Ktismatics

26 February 2011

Abstraction as Work, Universals as Artifacts

Filed under: Culture, Ktismata, Language, Psychology — ktismatics @ 6:32 am

In Aronofsky’s film Pi, Max is looking for the patterns that underlie the surface details. For Max, the stock market is like the game of Go is like the Torah is like the cream swirling in his coffee: all of them are built up from the same sort of deep structure; all of them iteratively change states through the movement of the same deep process. So too with Max’s understanding of his own mind: underlying any particular configuration of thoughts or any sequential train of thought there are the same deep structures and processes. And so, inevitably for Max, the mind is like the stock market is like Go etc. etc. — the same deep structures, the same deep processes. The world and the mind both embody the same abstract universals. Ultimately for Max, those abstract universals are the voice of God.

According to Chomsky, underlying the wide variety of human languages, with their idiosyncratic rules for word order and conjugation and possessives and so on, there is a universal grammar, a common set of deep structures and processes for forming meaningful utterances by which all languages operate. Per Chomsky, the reason that any human child can learn any human language is that human brains are hard-wired with a set of deep structures that map onto the universal grammar. Language and mind both embody the same abstract universals.

Tomasello disagrees with Chomsky. Tomasello acknowledges that is possible to arrive at an abstract understanding of language by which all specific languages can be compared with one another. However, this linguistic “universal grammar” is best understood as an abstract cultural artifact constructed by linguists. Children learn to understand and to speak from the bottom up, through repeated exposure to specific words, phrases, and sequences. Kids soon learn that language functions as a communication tool: linguistic symbols function as metaphors for specific situations in the world to which the speaker wants to draw the listener’s attention. Only gradually do children build up a more abstract understanding of their own language, enabling them to construct intentional, meaningful, complex, grammatically correct utterances on the fly.

To be sure, humans are uniquely capable of forming categories and abstractions, as well as of making the sorts of comparisons across categories by which symbols and metaphors operate. But the content of the categories and abstractions and metaphors that humans construct don’t necessarily precede or underlie the work that humans perform in constructing them. Chomsky’s universal grammar might do useful work in the sense that it describes many common features shared by all languages. But it works in a way not unlike (excuse the metaphorical thinking) a hammer or an algorithm for doing long division or a general schema for going to restaurants. Each is a multi-purpose cultural artifact useful for performing intentional actions in a variety of specific situations. Just because a hammer works for breaking nutshells and putting nails into boards and pounding veal for scallopini doesn’t mean that all humans have the structure of hammers prewired into their brains, or that nutshells and nails and veal all share the same underlying structure in the world. The hammer is a cultural artifact, invented and incrementally improved upon by generations of humans in order to perform various specific tasks that involve the same abstract general operation of pounding.

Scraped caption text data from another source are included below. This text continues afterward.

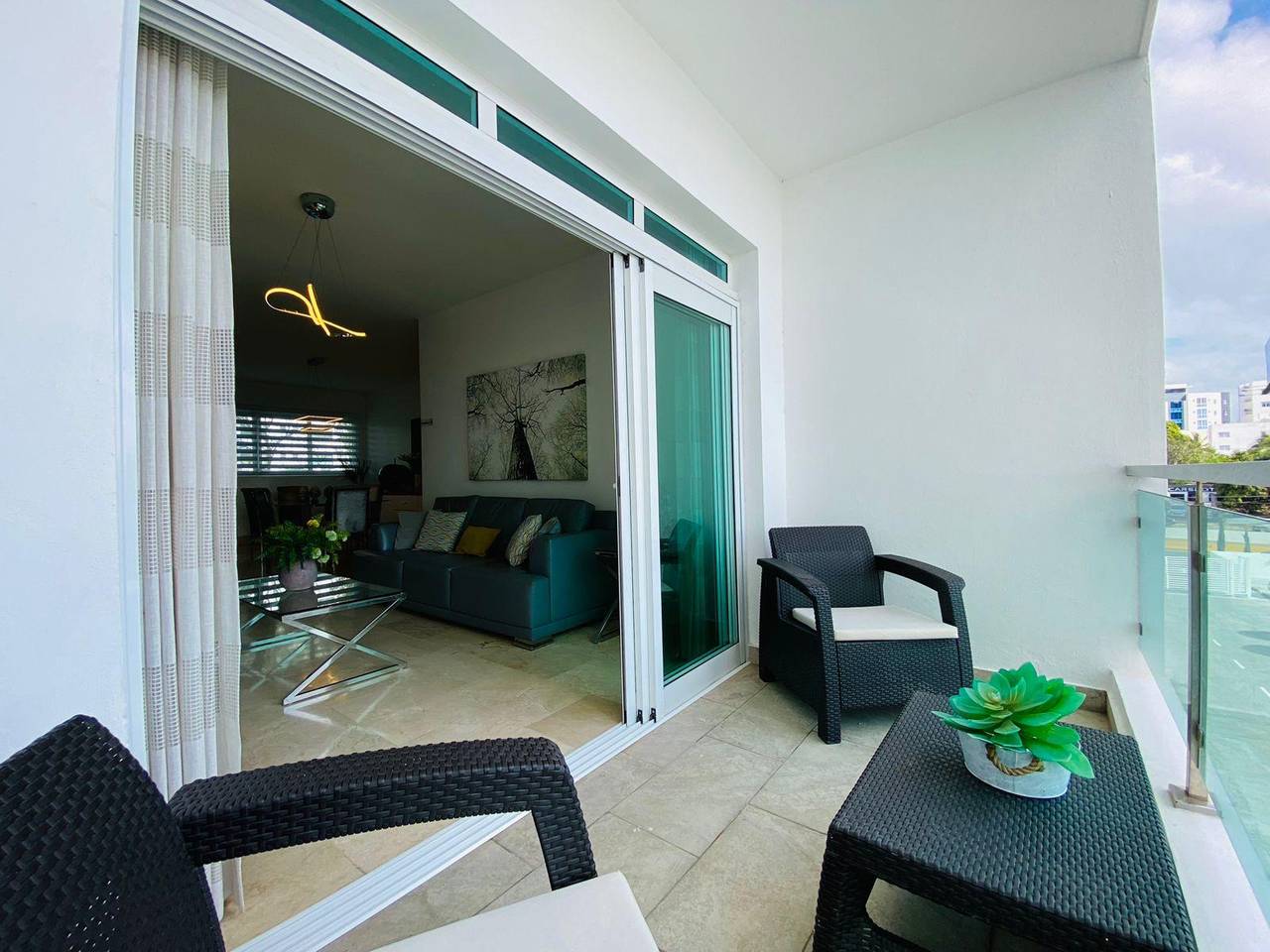 Apartamento Completamente Amueblado con 3 Habitaciones, 2 Parqueos y Piscina de Venta en Rincón Largo!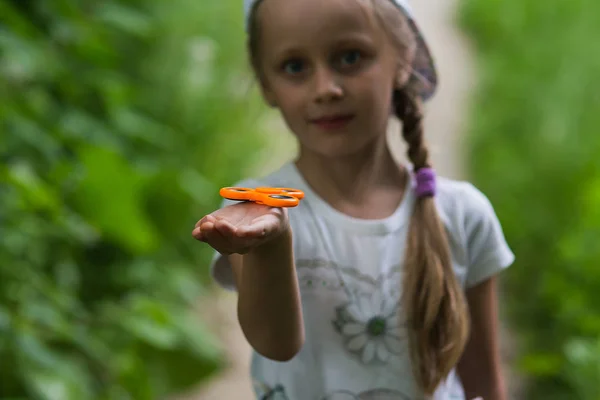Junges Mädchen spielt mit Fidget Spinner Stressabbau Spielzeug — Stockfoto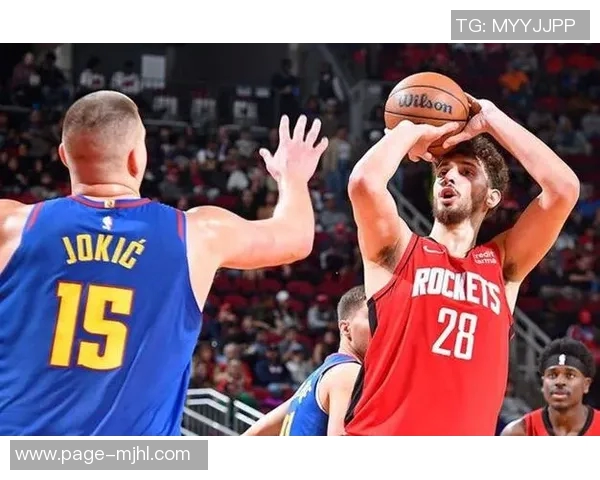 亨特分析莫布里与亚当斯的进攻风格差异及其对球队的影响 亨特分析莫布里与亚当斯的进攻风格差异及其对球队的影响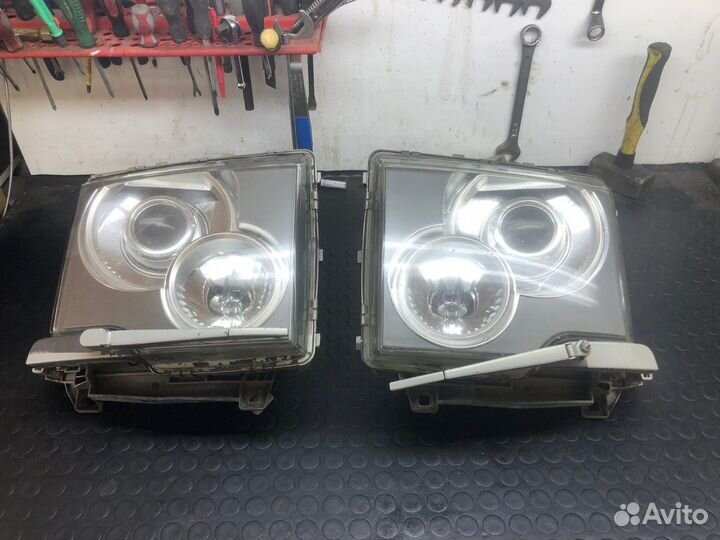 Фары передние Land Rover Range Rover 3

It’s conceivable that the movement from concrete to abstract, from specific to universal, reflects not a dawning awareness of a fundamental “universal grammar” that has always underlain all the surface diversity in human minds and cultures, but rather an incremental and progressive movement in human culture toward some future state of abstract universality waiting for us out there at the end of history.  If I were more philosophically literate I might be able to draw an analogy to Kant and Hegel here. What seems more likely is that generalized abstractions are thought up, passed on to others, and improved upon to the extent that they enable humans to do specific kinds of work in specific situations. As the nature of the work changes, so do the workers’ tools. Universal grammar has proven itself a useful tool for working linguists. As linguistic work gets more complicated, linguists incrementally modify the universal grammar tool. If it’s useful to them, they invent altogether new linguistic tools and teach one another how to use them.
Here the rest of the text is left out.